To regard the first Norman castle of Sheffield as having been the Saxon aula of the manor of Hallam is an hypothesis not liable to the objection which presses strongly against any other, that we want such evident tokens of its existence as we find at Laughton of the similar edifice of Earl Edwin. This hypothesis also accounts most satisfactorily for the superiority which we shall find the vill of Sheffield enjoying through the whole of Hallamshire in the first century after the Conquest. But against this supposition the words of Domesday are express. We might indeed, by a sacrifice of the attention and accuracy of the surveyors, reconcile the words of Domesday to this hypothesis. But, as the record at present stands, we are compelled to look in that part of the district which formed the manor of Hallam after the two smaller manors of Attercliffe and Sheffield had been severed from it, for the aula of Earl Waltheof.
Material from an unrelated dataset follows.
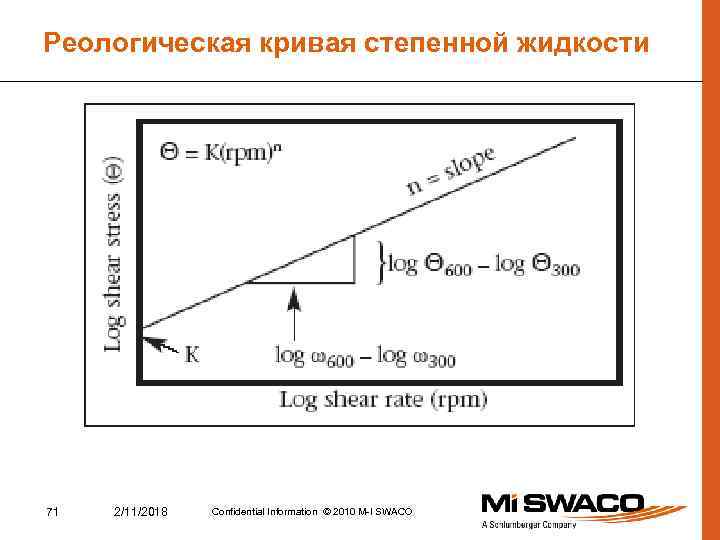 Реологическая кривая степенной жидкости 71 2/11/2018 Confidential Information © 2010 M-I SWACO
Tradition guides us, and where we have no better guide we may be allowed to follow her, if we proceed with cautious steps, to the banks of the Riveling, the stream which once divided the manor of Hallam into two nearly equal portions. In a tone unusually loud she has long called our attention to the sloping banks of that rivulet, however now deserted, and according to our ideas less adapted for human habitation than many other places in the neighbourhood, as having once been the seat of a numerous and busy people inhabiting the vill which gave its name to the manor. in a tone equally loud she speaks of the utter ruin of the place as an act of signal vengeance by the incensed Norman conqueror, who is represented as having left not one stone upon another, but in the sublime language of holy writ to have swept it from the earth with the besom of destruction.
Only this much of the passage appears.